J'apprends à l'instant que David Cronenberg (81 ans), veuf depuis 2017, imagine dans "Les linceuls", présenté cette année à Cannes, une façon moins ésotérique de rester en contact avec les défunts.

"Karsh, riche entrepreneur de Toronto, entre autres de pompes funèbres high-tech, ne se remet pas de la mort de sa femme, Rebecca (Diane Kruger). En conséquence, il a mis au point un système de tombe connectée, qu’il commercialise dans son parc de cimetières équipés. Au cœur de cette technologie, un linceul équipé de capteurs prend une image par contact du corps enseveli, retransmise sur un écran intégré à la pierre tombale. L’ingénieur inconsolé peut ainsi suivre au jour le jour la décomposition du cadavre adoré : la relation se perpétue au-delà de la mort, pour un corps qui continue de se transformer. Mais Karsh observe bientôt à la surface du squelette la formation d’étranges nodules qui l’alertent sur l’intégrité de la dépouille."

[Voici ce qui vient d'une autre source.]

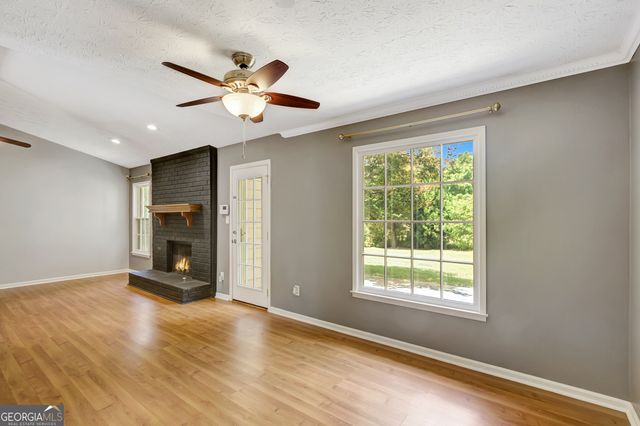 110 Beacon Drive, Fayetteville, GA 30215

https://www.lemonde.fr/culture/article/2024/05/20/cannes-2024-les-linceuls-david-cronenberg-a-la-vie-a-la-mort_6234472_3246.html

L'article manque de précisions, comme le souligne un malicieux lecteur : 

"splendides scènes oniriques d’une grande puissance d’émotion – les étreintes nocturnes dont Karsh rêve la nuit avec le fantôme de sa femme au corps rapiécé, strié de cicatrices, tombant en lambeaux"...Ok. Mais on voit les vers ? Parce que sinon, j'y vais pas."

Je ne vais pas me bousculer pour aller le voir, je préfère les Cronenberg des années 80, mais ça m'a pas l'air plus insensé que la méthode à Jean-Jacques.